WHAT TO PRODUCE:
Print the data exactly as written, line for line, and leave its pictures behind.

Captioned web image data
═══
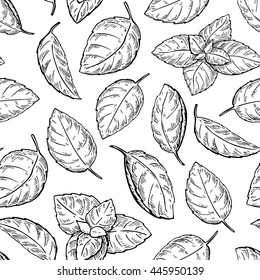 Mint Vector Drawing Seamless Pattern. 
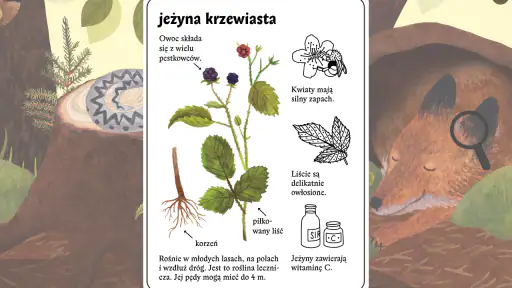 Mysia Encyklopedia screenshot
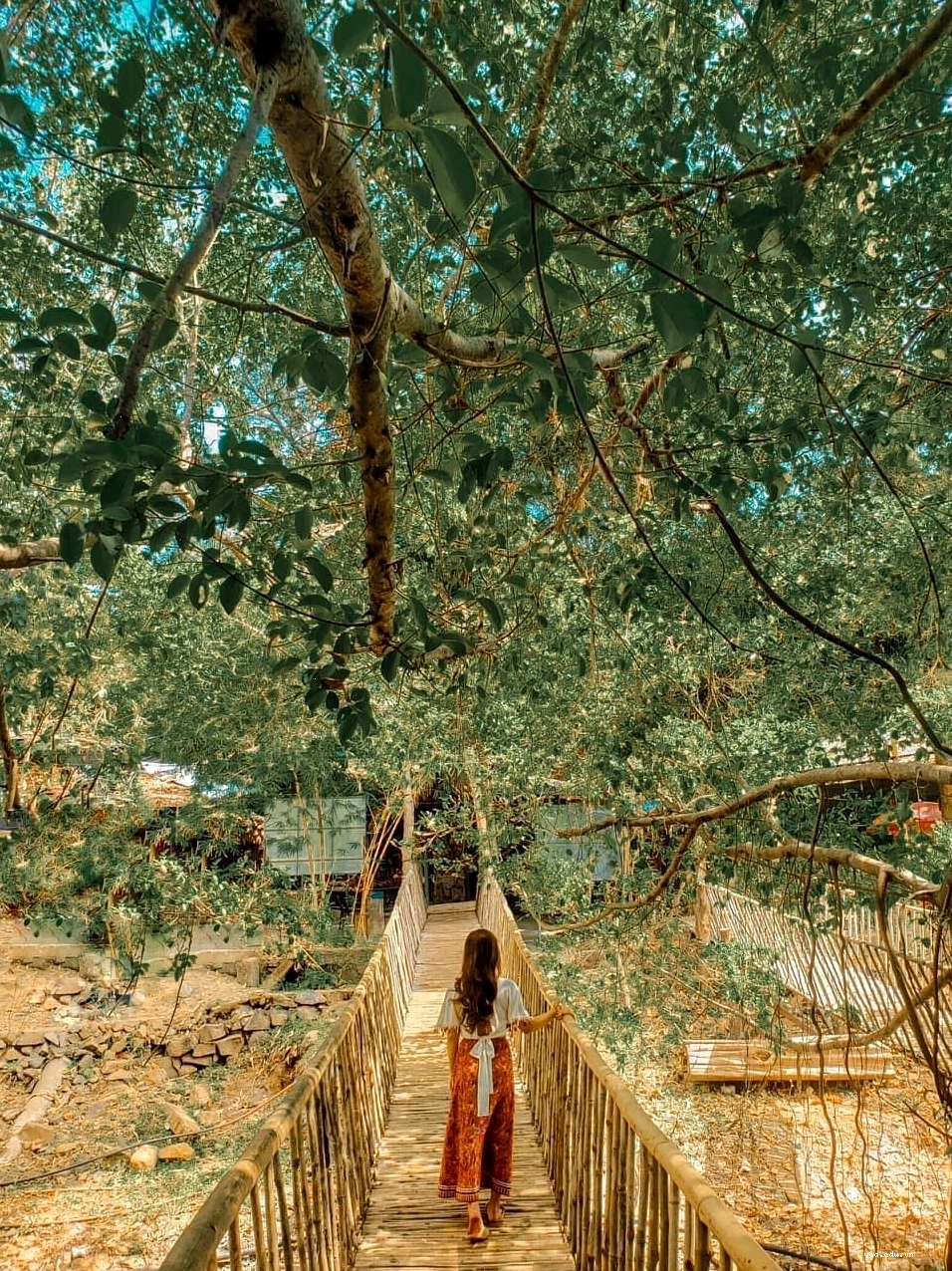 Cảnh sinh hoạt tại Buôn Đôn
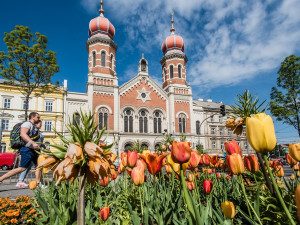 Barevná Plzeň vykvetla do krásy, jarní tulipány vystřídá na záhonech 6500 letniček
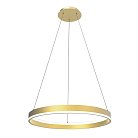 Люстра подвесная Lightstar 736402 Rotonda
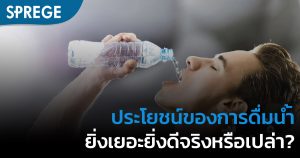 ประโยชน์ของการดื่มน้ำ ยิ่งเยอะยิ่งดีจริงหรือเปล่า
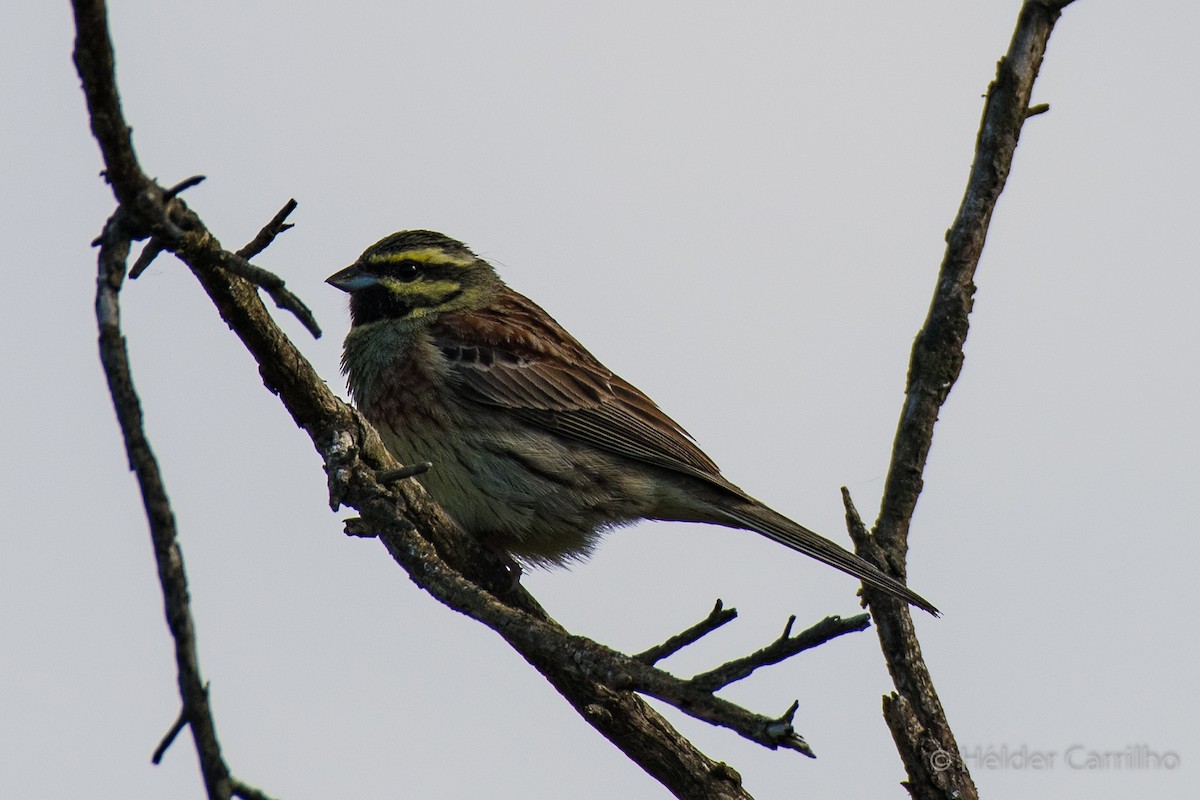 Cirl Bunting - ML617732793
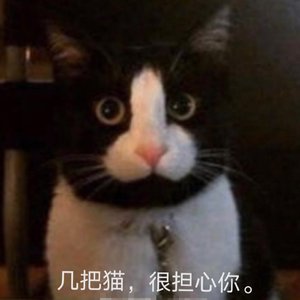 Various Artists / Various Artists-zedd（parents remix）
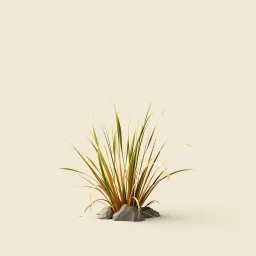 concept art of low poly stylized alien dry single leaf grass on a plain neutral background.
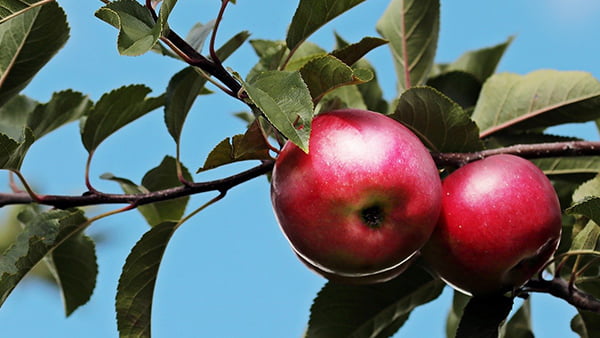 apfel als obst im winter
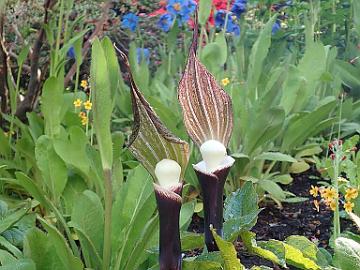 P5110318_Arisaema_sikokianum_Branklyn_1024px Arisaema sikokianum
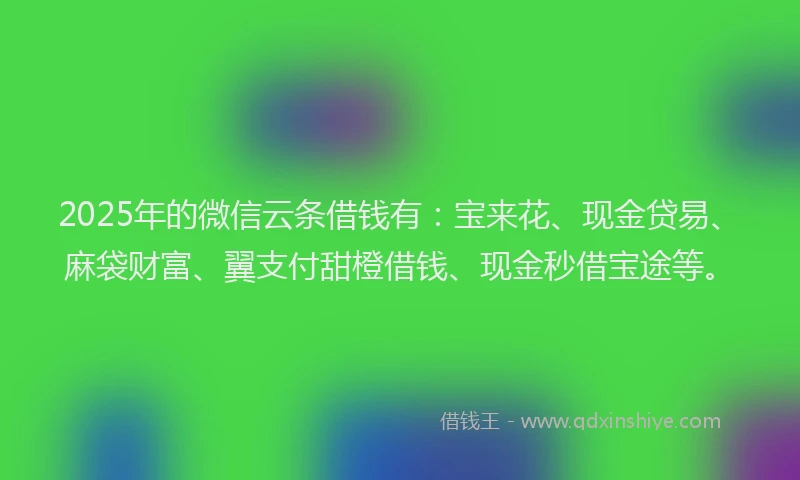 2025年的微信云条借钱有：宝来花、现金贷易、麻袋财富、翼支付甜橙借钱、现金秒借宝途等。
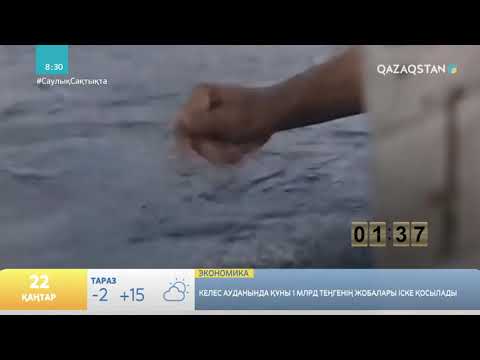 Видео: «3 МИНУТТА 1 КІТАП». ЭРНЕСТ ХЕМИНГУЭЙ «ТЕҢІЗ БЕН ШАЛ"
═══
ANSWER:
 Mint Vector Drawing Seamless Pattern. 
 Mysia Encyklopedia screenshot
 Cảnh sinh hoạt tại Buôn Đôn
 Barevná Plzeň vykvetla do krásy, jarní tulipány vystřídá na záhonech 6500 letniček
 Люстра подвесная Lightstar 736402 Rotonda
 ประโยชน์ของการดื่มน้ำ ยิ่งเยอะยิ่งดีจริงหรือเปล่า
 Cirl Bunting - ML617732793
 Various Artists / Various Artists-zedd（parents remix）
 concept art of low poly stylized alien dry single leaf grass on a plain neutral background.
 apfel als obst im winter
 P5110318_Arisaema_sikokianum_Branklyn_1024px Arisaema sikokianum
 2025年的微信云条借钱有：宝来花、现金贷易、麻袋财富、翼支付甜橙借钱、现金秒借宝途等。
 Видео: «3 МИНУТТА 1 КІТАП». ЭРНЕСТ ХЕМИНГУЭЙ «ТЕҢІЗ БЕН ШАЛ"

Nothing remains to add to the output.